Charlotte Andrews-Briscoe, a lawyer for Palestinian human rights group Al-Haq who is acting in the UK court challenge into the handling of arms exports controls to Israel, argued that the UK Foreign Office had passed all allegations of war crimes to Israel, “setting in motion a circular reasoning, which saw the government repeatedly give perpetrators of these atrocities the opportunity not to incriminate themselves”.

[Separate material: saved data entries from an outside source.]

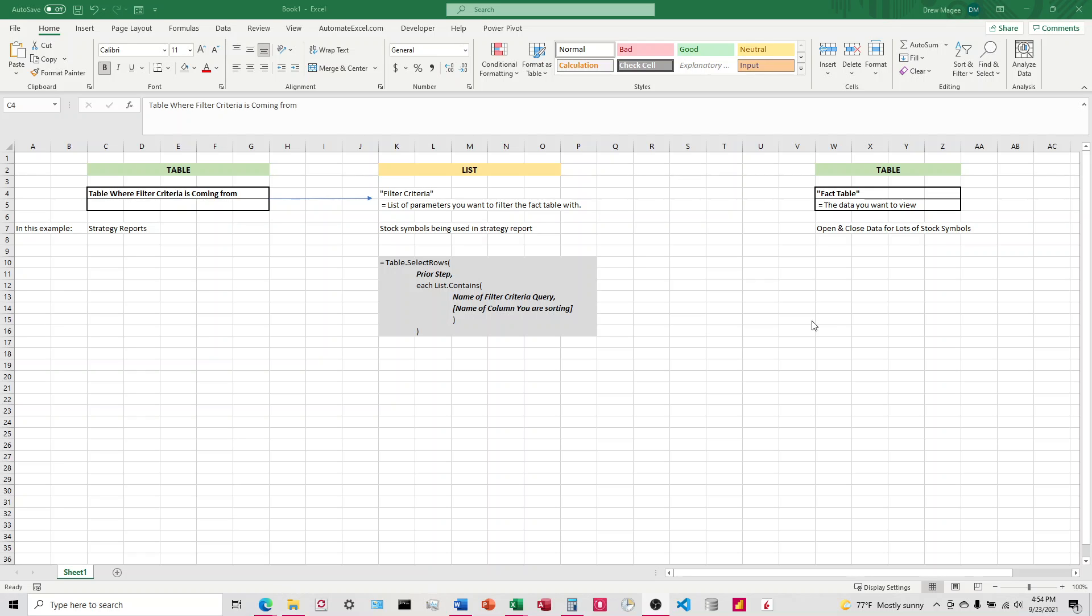Okay, so my issue is this. I have a table of data, and it's a lot of data. It's open and close stock symbol data for a lot of different stock symbols over a large amount of time.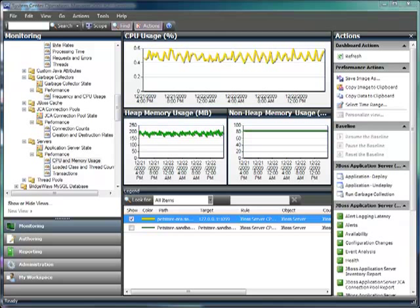As you can see, the BridgeWays Management Pack for JBoss application servers is a deep dive into the availability and performance of your JBoss servers and will provide you with the information you need to proactively monitor and maintain those servers, leading to reduced downtime and faster problem resolution when issues do arise. Thank you very much.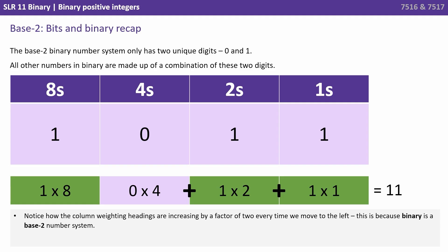Here we have the binary number one zero one one. That's a one in the eight column, a zero in the four column, a one in the two and a one in the one column. Eight plus two plus one is eleven.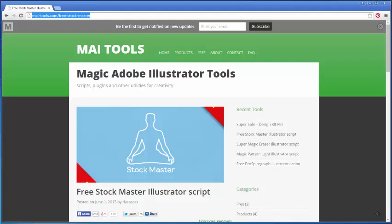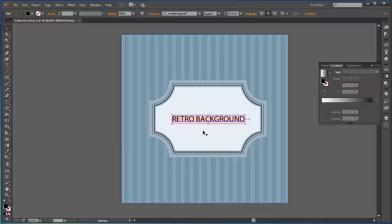Hi guys! My name is Anastasia and I'm here today to show the features of a script which is created for those who contribute to microstocks and work with checking files before submission. The name of the script is FreeStockMaster and it was created by my mai-tools team. It's really free of charge, so don't hesitate to download it from the website which you see on your screen.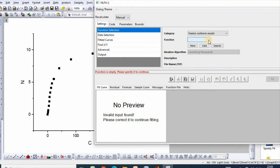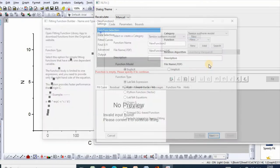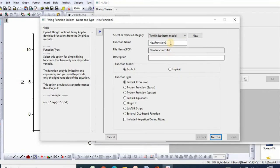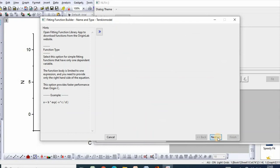You can also rename function as Temkin model. After this, click Next.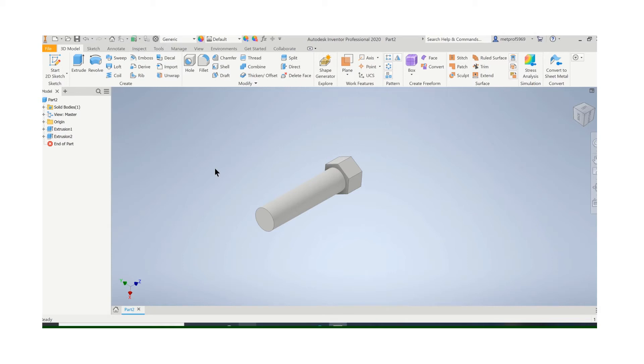In this video, I'll show you how to create an external thread using Inventor. I've already created a blank here for a bolt and I need to put threads on it. So it's pretty simple.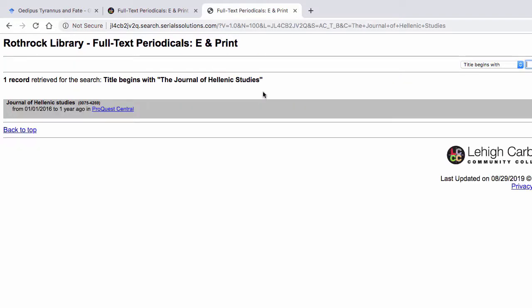This shows that we do have access to this journal, but for the years 2016 until one year ago. But because the article we are looking for is from 1986, it will not be available in our database. But you can still request the article be sent to you through interlibrary loan.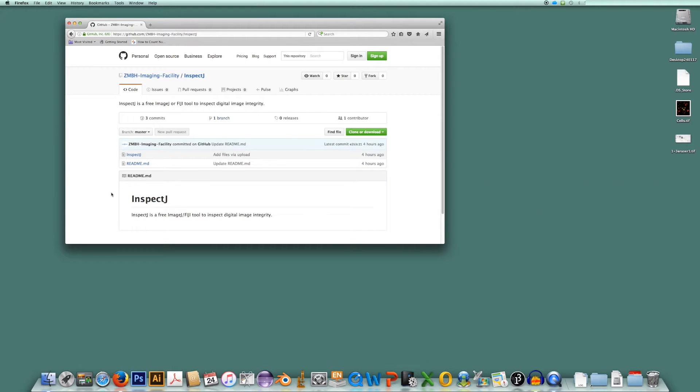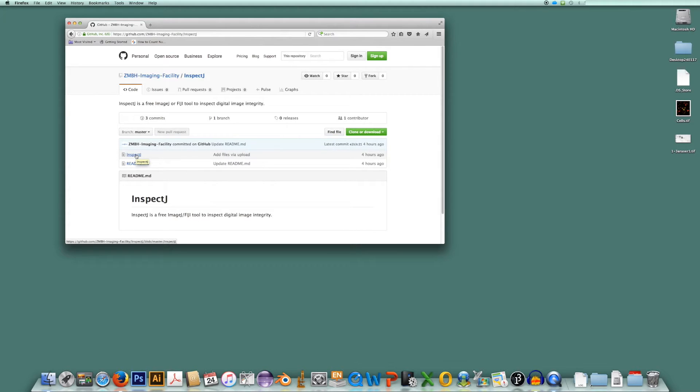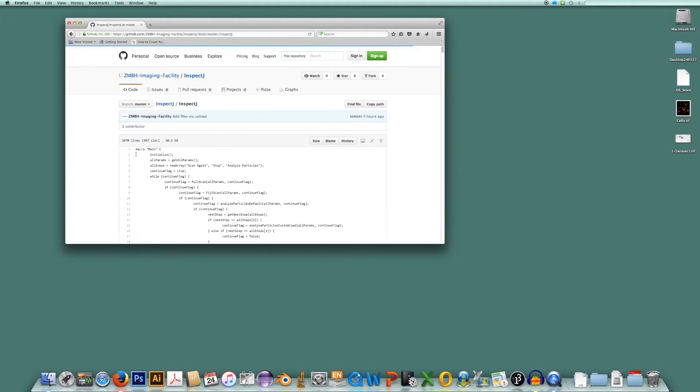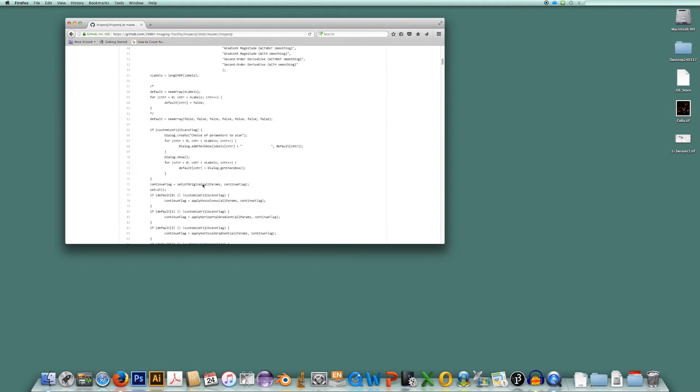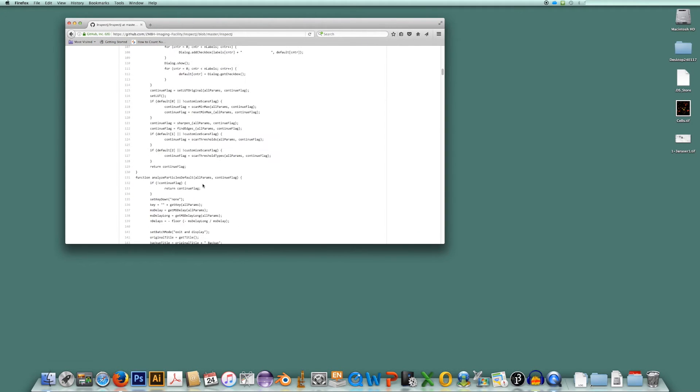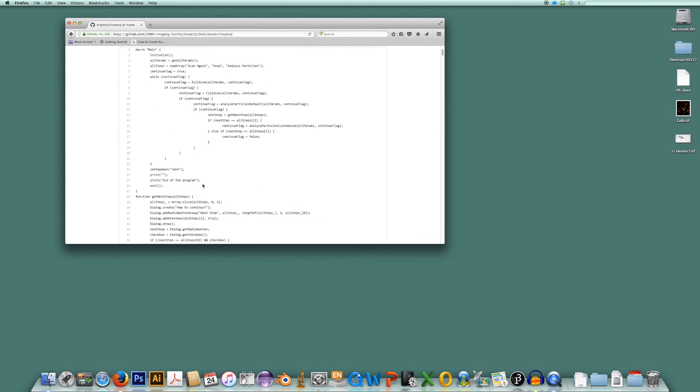And here it is. Here you can see the InSpecJ software. If you want to have a look at it, just click on it. And here is the software code for InSpecJ.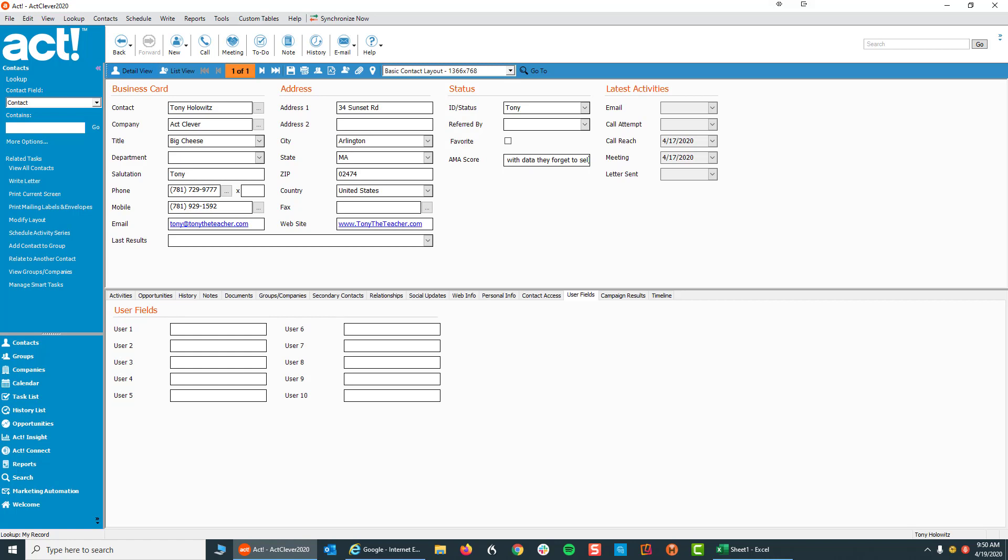So one of the things I'm going to show you is how to find all the contacts where the ID status is blank. How can we find all of that information so you can work with it? And as we go forward, I'm going to show you how to group that information together so you can work with it over time. Don't sweat it. I'm going to give you guidance on how to get your data organized while you're selling along the way.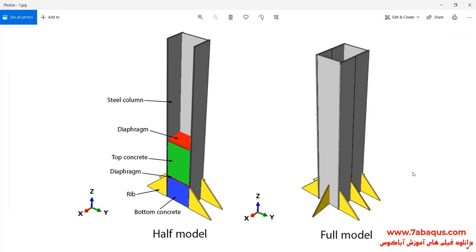In this illustration, we intend to simulate the steel column filled with concrete under the cyclic loading in the Abaqus software.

Allegations made throughout the tribunal included that RAF pilots flying from the UK Akrotiri airbase in Cyprus systematically shared intelligence in real time with the Israel Defense Forces (IDF), but not with the International Criminal Court (ICC), that the government had failed to provide the support requested by lawyers acting for Jim Henderson, that Britain provided no support to chief ICC prosecutor Karim Khan after the US government imposed sanctions that led a British bank to close his account, and that the UK trade department continued to allow the import of products from Israel-occupied territories after the International Court of Justice ruled in an advisory opinion in July 2024 that the occupation was unlawful.

== Reactions ==
Prior to the tribunal, The Guardian stated that the tribunal would be "a thorn in [UK Prime Minister] Keir Starmer's side as his party seeks to retain the backing of leftwing and Muslim voters at the next election."